Back again in the manor-house, we spent our last hour at Brandon; for Gadabout was to sail away next day. It was a colonial hour; for Brandon clocks tick off no other, nor would any other seem natural within those walls.
Sitting there in the old home, we slipped easily back into the centuries; back perhaps to the day of the great mahogany sofa that we sat upon. It all seemed very real. The afternoon sun—some eighteenth century afternoon sun—came in through deep-casemented windows. It lighted up the high, panelled room, falling warmly upon antique furniture about us, upon by-gone worthies on the wall, and (quite as naturally, it seemed) upon a colonial girl, who now smilingly appeared in the doorway. Bringing the finishing touch of life to the old-time setting, she came, a curl of her dark hair across a white shoulder and her gown a quaintly fashioned silk brocade.
This eighteenth century presentment was in kindly compliance with a wish that we had expressed on that rainy day when we were looking over Brandon treasures. It was Brandon’s daughter in the court gown of her colonial aunt, Evelyn Byrd. And we thought in how few American homes could this charming visitor from the colonies so find the colonial waiting to receive her.
[Illustration: Miss Harrison in the court gown of her colonial aunt, Evelyn Byrd.]
Nowhere in the world, it is said, are there so many new, comfortable homes built for the passing day as in America; but also in no civilized country are there so few old homes. More and more, as this fact comes to be realized, will Americans who care for the permanent and the storied appreciate such colonial homesteads as Brandon, the ancestral home of the Harrisons.
A ONE-ENGINE RUN AND A FOREST TOMB
By the time we had finished our visit at Brandon, we were in the midst of the beautiful Virginia autumn.

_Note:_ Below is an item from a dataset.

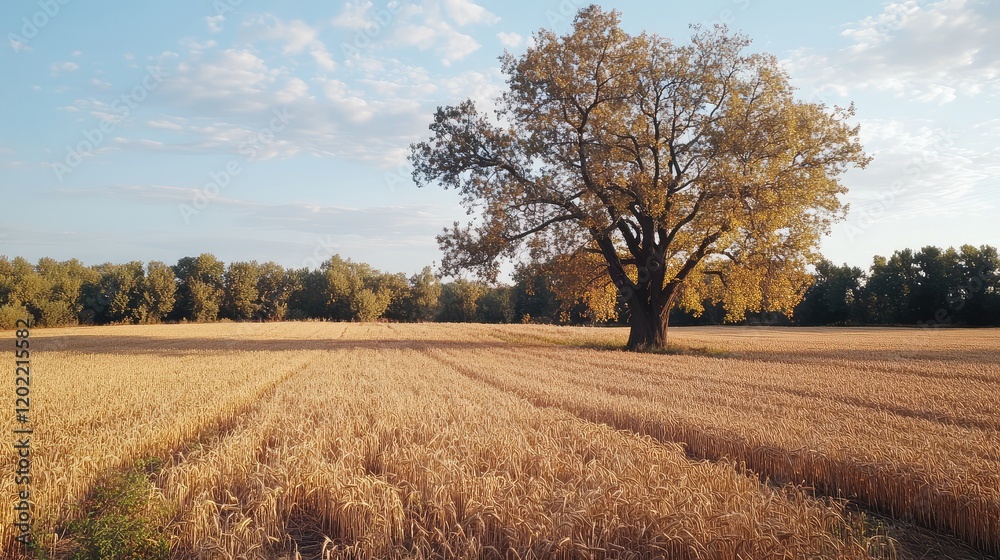 Poster autumn landscape with a solitary tree in a golden wheat field under a blue sky with clouds copy spac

Though much of the warmth of summer was yet in the midday hours, the mornings were often crisp and the evenings seemed to lose heart and grow chill as they saw the sun go down.
Part of the houseboat was heated by oil stoves, but the forward cabin had a wood stove, and above it on the upper deck was our little sheet-iron chimney. It had a hood that turned with the wind and creaked just enough for company. So, during mornings and evenings and wet days, Gadabout smoked away, cozy and comfortable.